Harmonized data systems, responsive governance, and continuous diagnostic innovation will be key to curbing epidemic growth during potential resurgences. [16] Tracking pathogen spread considering factors like location, population, symptoms, and mutations will rely on integrating diverse diagnostic outcomes, likely encrypted data packets containing patient details, test locations, dates, sampling methods, technologies, and results. This integration will support agile, intelligent emergency management. While a simple "yes/no" patient status might lack sophistication, it offers a straightforward way to control disease spread. More importantly, the ability to merge various test results with health-related data such as socio-environmental conditions, medical histories, pathogen levels, current health metrics, and standardized symptoms will deepen our understanding of infectious diseases as dynamic public health challenges.

This analysis explores the technical preferences, challenges, and performance of in vitro diagnostic (IVD) tools and test kits developed in India to tackle future threats like Disease X. It draws on two key datasets: the Indian Council of Medical Research (ICMR) repository of approved COVID-19 diagnostics and the Web of Science (WoS) database. The findings position India as a leading hub in the Global South for diagnostic innovation, evidenced by a high volume of local research publications and ICMR/CDSCO-approved kits.
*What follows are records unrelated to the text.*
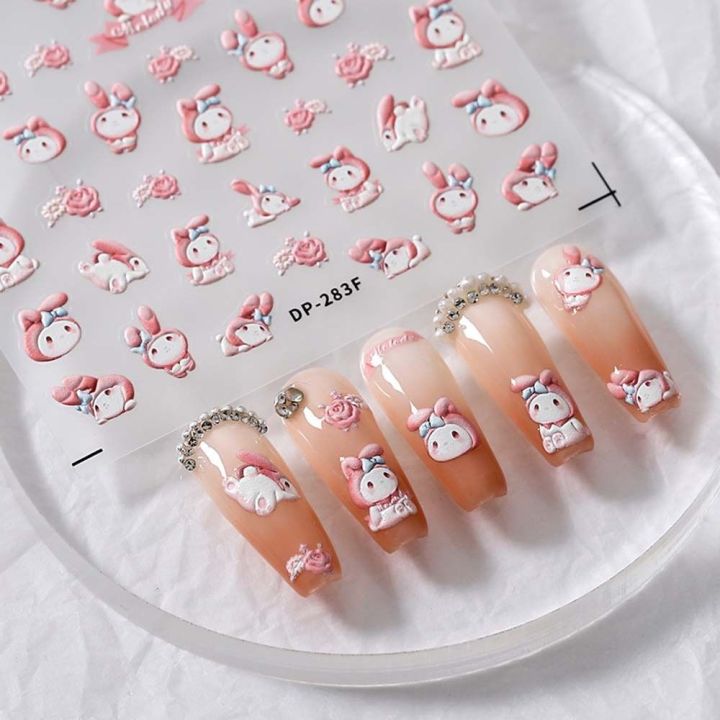 POXIA 3D Relief Women Melody Kuromi Bears Jellyfish Snoopy Nail Decals ...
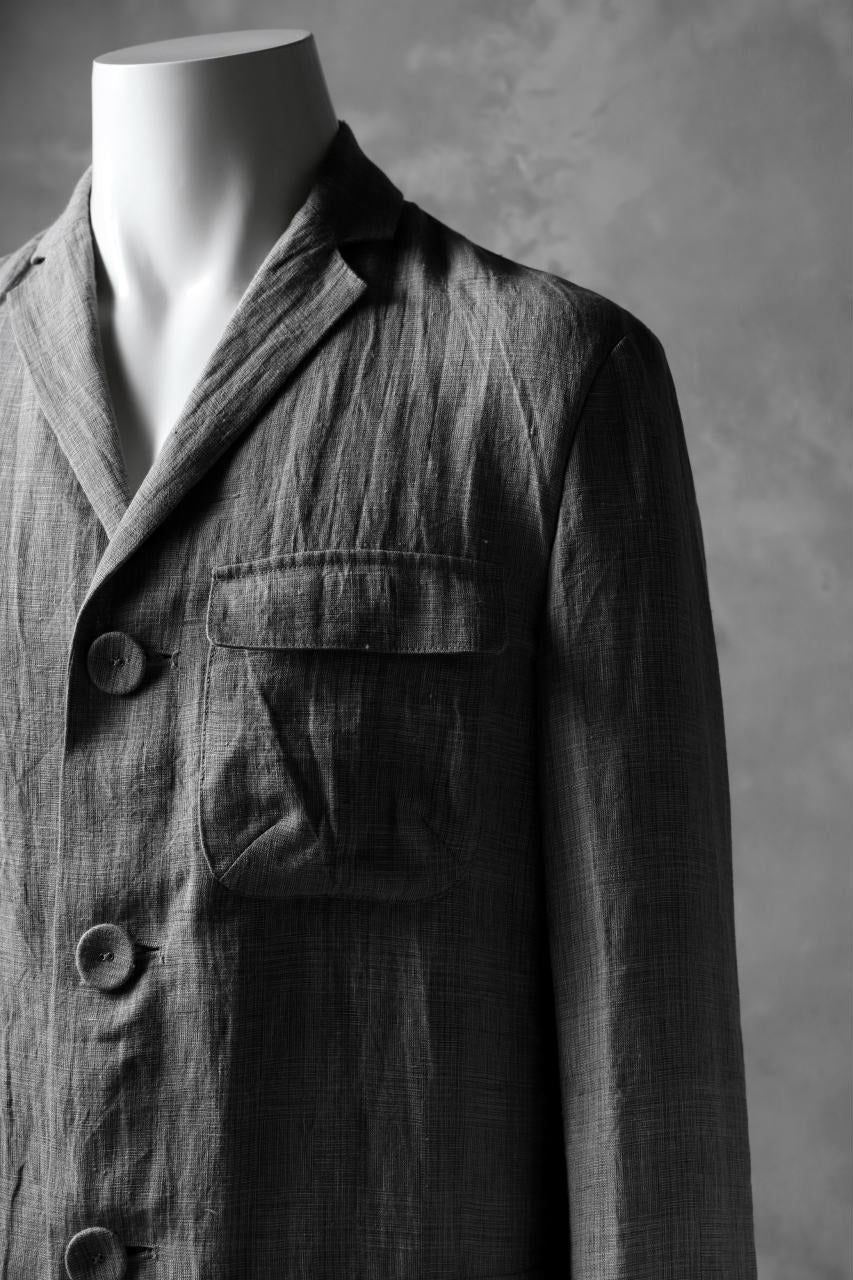 画像をギャラリービューアに読み込む, blackcrow 3B linen check jacket / sumi dyed (carbon)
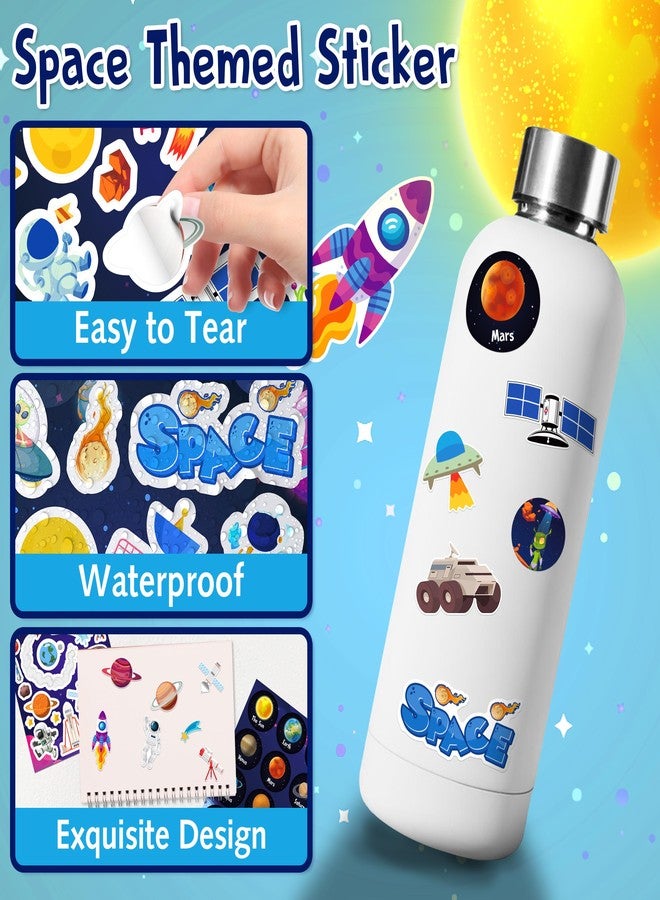 LINAYE 48 Sheets Space Stickers for Kids, 960 PCS Solar System Planets Outer Stickers for Classroom School, Waterproof Self Adhesive Crafts for Kids,Galaxy Outer Space Party Favors Reward for Students - Image 3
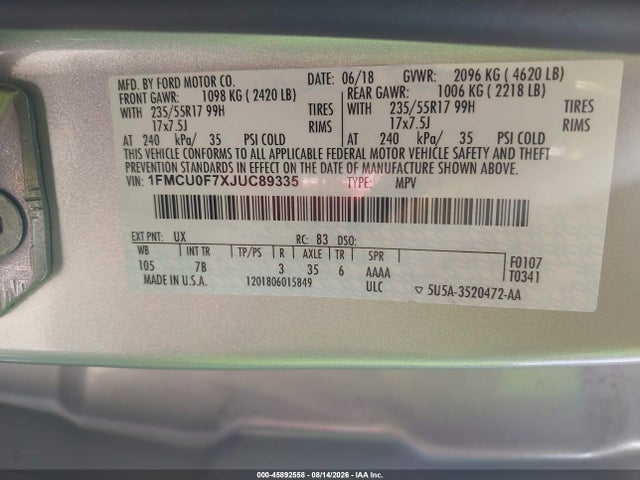 Ford ESCAPE S 2018 1FMCU0F7XJUC89335 Image 9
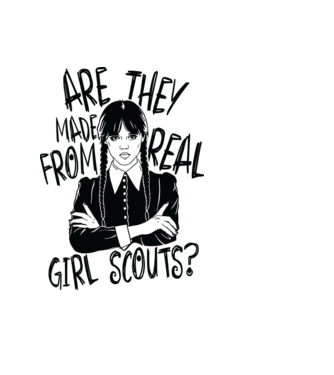  Are the made from real girl scouts model albastru deschis pe tricou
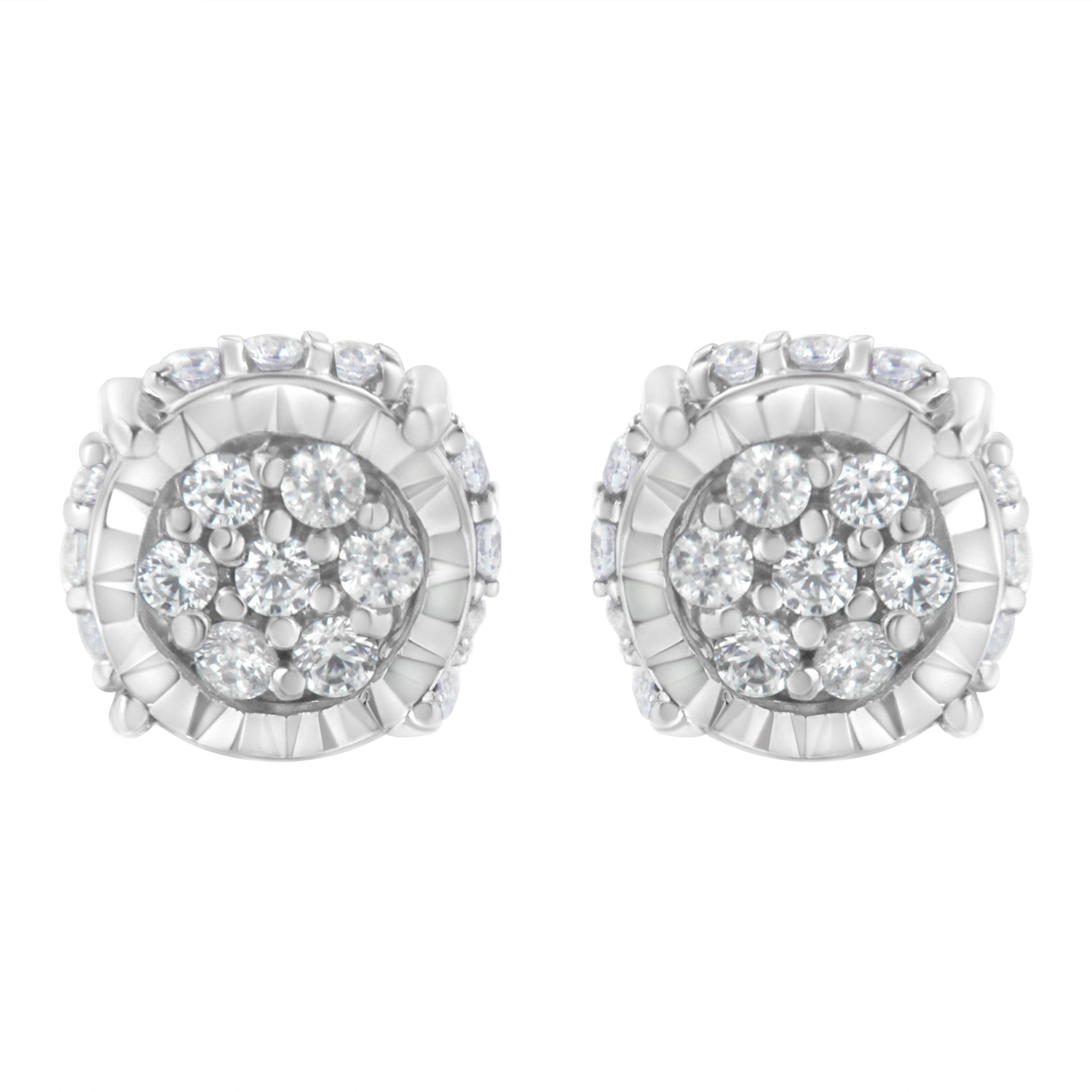 .925 Sterling Silver 1/3 cttw Round-cut Diamond Floral Stud Earring (I-J Clarity, I3 Color) by Bids.com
Among five molecular targeting categories for SARS-CoV-2 detection, rapid antigen kits dominate with a 44% share in India. Protein detection techniques are used in over 1,800 nationally approved IVD devices and kits. Key development factors test format, recognition molecule, sample source, and target molecule favor near point-of-care (POC) and manual formats for mass screening. Antigen, used in over 1,200 devices, varies in sample and target selections. Validation studies in India prioritize detection times (30 minutes to 2 hours), with Nucleic Acid-PCR kits leading at 98.6%±2.0% sensitivity and 99.3%±1.2% specificity, closely followed by immuno-antigen kits in accuracy. False positive/negative rates favor antigen kits for lower false positives. Limit of detection (LOD) analysis shows 90% of antigen kits and 80% of PCR kits detecting positives at 1,000 viral copies or higher.
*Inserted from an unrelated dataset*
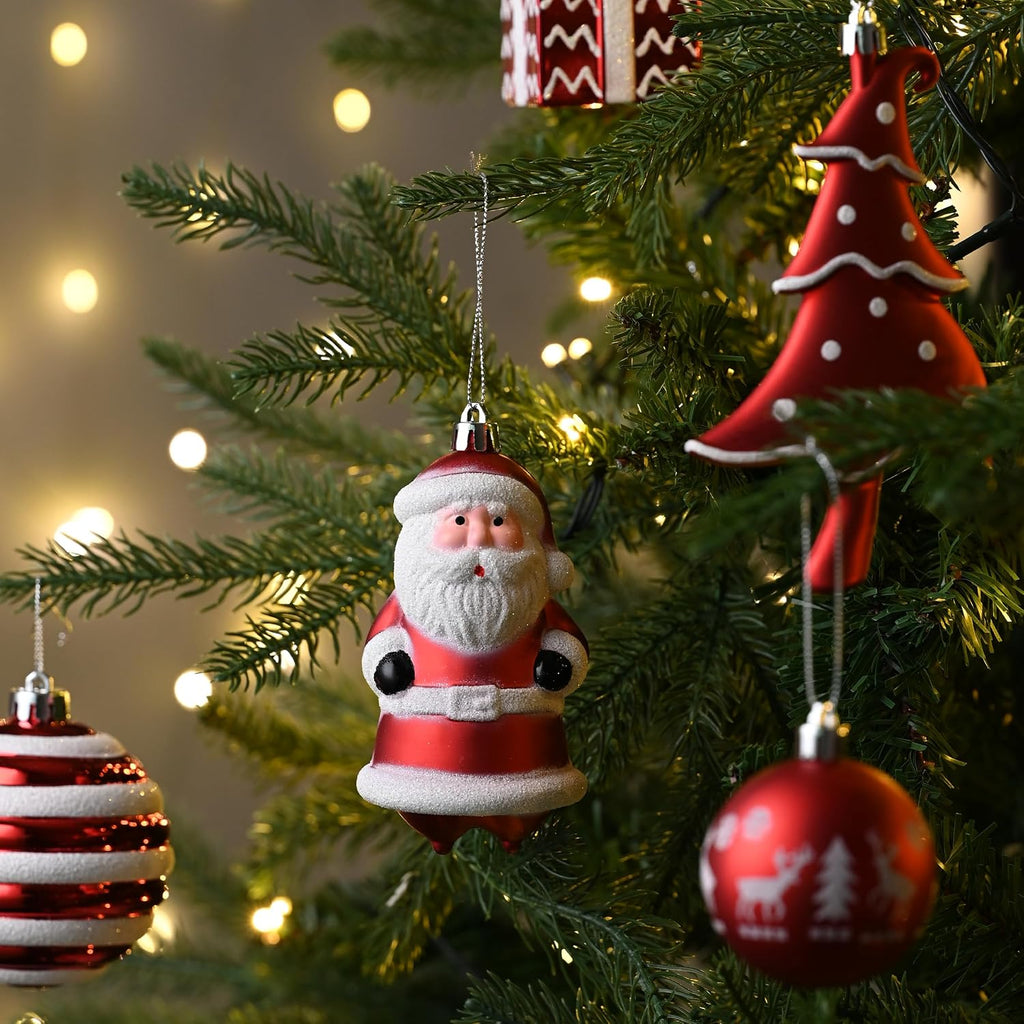 Christmas Tree Ornaments Set, 155ct Red and White Shatterproof Christmas Tree Decorations Bulk, Variety Traditional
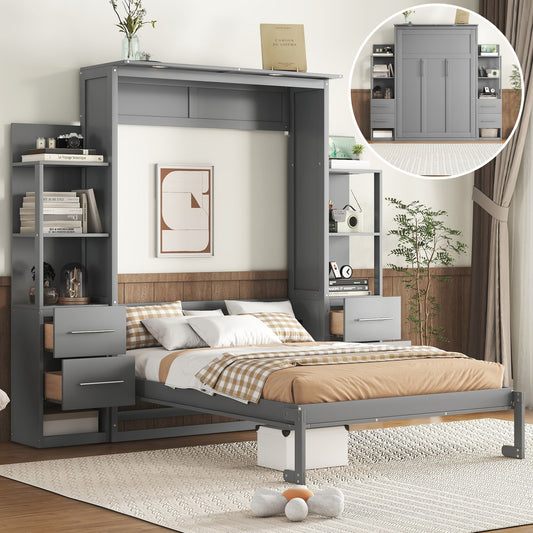 Murphy Wall Bed With LED Lights, Shelves And Drawers - The Sleep Loft - Online Mattress Showroom NYC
This paper highlights India’s strides in IVD technology during COVID-19, emphasizing antigen kits for mass testing and PCR for precision. It offers vital guidance for future pandemic readiness, pinpointing technological gaps and opportunities for improved diagnostics.

This study is based on secondary data obtained from publicly available and authorized sources, namely the ICMR COVID-19 IVD Devices and Test Methods database and the Web of Science (WoS) repository. Since no direct human participation was involved, issues of consent or privacy did not arise. However, ethical considerations were maintained by ensuring accuracy, transparency, and integrity in analyzing and reporting the data. Care was taken to avoid bias, misinterpretation, or overstatement of results, and due acknowledgment was given to all data sources. The study also upholds the ethical responsibility of promoting equitable access to reliable diagnostic technologies, particularly in the context of global health preparedness.
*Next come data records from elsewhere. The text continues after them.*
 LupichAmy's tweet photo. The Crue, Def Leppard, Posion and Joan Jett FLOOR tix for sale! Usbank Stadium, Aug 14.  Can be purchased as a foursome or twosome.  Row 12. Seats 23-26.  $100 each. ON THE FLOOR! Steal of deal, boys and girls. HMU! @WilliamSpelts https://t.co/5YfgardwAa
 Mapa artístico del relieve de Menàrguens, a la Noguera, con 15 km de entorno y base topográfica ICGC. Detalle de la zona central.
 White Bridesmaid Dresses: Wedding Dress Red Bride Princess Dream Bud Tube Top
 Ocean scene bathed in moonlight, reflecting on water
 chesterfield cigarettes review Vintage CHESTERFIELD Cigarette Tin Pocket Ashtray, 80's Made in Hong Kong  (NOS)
The study proposes enhancements for future pandemic preparedness. Firstly, standardizing validation metrics such as specificity, sensitivity, & LOD—is crucial to ensure consistent performance across diverse platforms and regions, especially as geopolitical tensions may disrupt supply chains. Secondly, fostering regulatory harmony and international cooperation is essential to streamline approval processes, ensuring widespread access to reliable diagnostics during crises. Confronting a borderless microscopic adversary demands a unified, large-scale standardization approach for safe clinical deployment. Lastly, post-market surveillance, informed by COVID-19 experiences, should evaluate in-field IVD performance, addressing optimal technology choices and establishing robust emergency monitoring systems to maintain accuracy. Together, these strategies emphasize the integration of cutting-edge technology, proactive regulation, and robust data systems to bolster global health security against emerging diseases.